In a study submitted for publication, researcher Brendan Foody recently introduced the first-ever famous AI (AI) agents on a new benchmark. This benchmark begs the question, how ready is AI for workplace deployment? The benchmark, called Apex-Agents, uniquely measures AI models’ capabilities to answer questions asked by actual practitioners from multiple professions. There’s little surprise in these findings, given that AI models are repeatedly failing to meet even the most basic standards. Even under our most favorable assumptions, every tested model scored poorly.
The Apex-Agents benchmark highlights a critical stumbling point for AI models: their capability to track down information across multiple domains. This challenge has led to some embarrassing failures for state-of-the-art AI systems. For example, Opus 4.5, Gemini 3 Pro, and GPT-5 only achieved around 18% on the benchmark. This outcome indicates that they failed to respond correctly to even one out of every four inquiries. Compared to that, Gemini 3 Flash performed a bit better at 1-shot accuracy of 24%, with GPT-5.2 hitting 23%.
Foody’s work comes at a fascinating and critical moment. According to featured thought leaders including Microsoft CEO Satya Nadella, AI is poised to change virtually every knowledge-based field. As Nadella points out, AI would be able to take over jobs in deep knowledge professions like law, investment banking, and accounting. The Apex-Agents benchmark confirms a dramatic and surprising finding. That should be a signal that AI technology doesn’t live up to these exceptionally high hopes.

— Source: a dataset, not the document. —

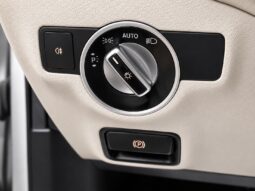 
										Mercedes-Benz GLA200 full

“The way we do our jobs isn’t with one individual giving us all the context in one place,” Foody remarked, emphasizing the complexity of information retrieval in professional environments.

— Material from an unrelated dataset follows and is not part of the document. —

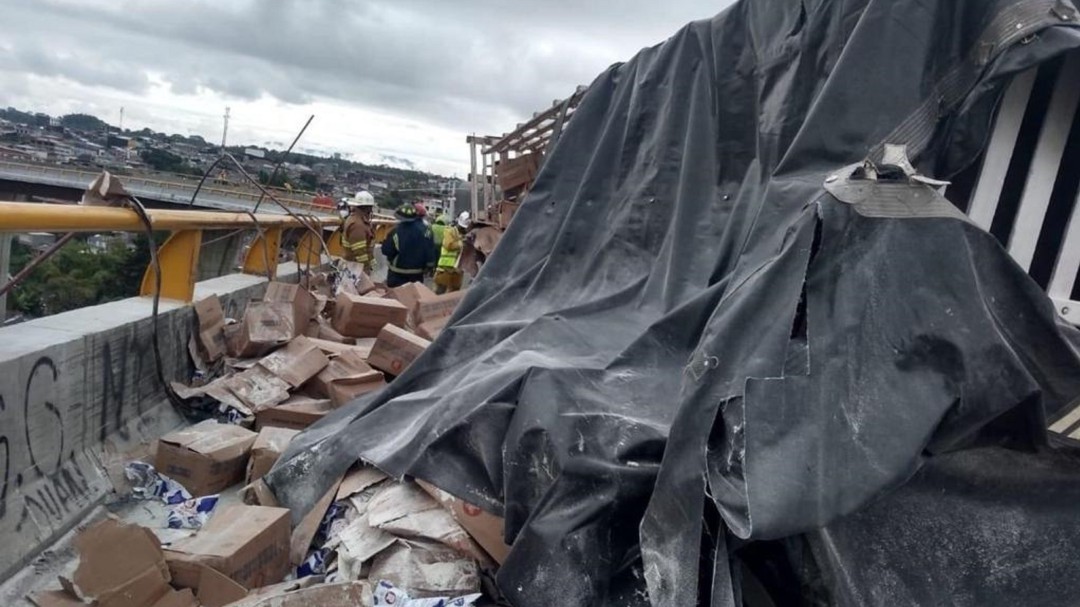 Accidente en el puente helicoidal en Calarcá dejó dos heridos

Foody hopes that AI labs will be spurred by these findings to do better and make their models more accurate. He’s seriously determined to deal with those weaknesses that the Apex-Agents benchmark shows you. This is a critical first step toward determining the future of workplace AI. “I think this is probably the most important topic in the economy,” he added, underscoring the urgency for advancements in AI capabilities.
At the same time, organizations are en masse trying to figure out how to responsibly implement AI technologies in their work. The equity and performance metrics identified in Apex-Agents call on developers and researchers to act. The benchmark is an initial step that seeks to assess state of the art in artificial intelligence capabilities today. It motivates creativity and pushes the profession forward.
This research is more than just technical specs. It casts a spotlight on seismic shifts in the macro economy, and how the role and responsibilities of the jobs executive can change in their wake. AI has a tremendous potential for increasing productivity and efficiency. These results illustrate the continued imperative for substantial improvements before it can truly meet its potential to aid professionals in their daily work.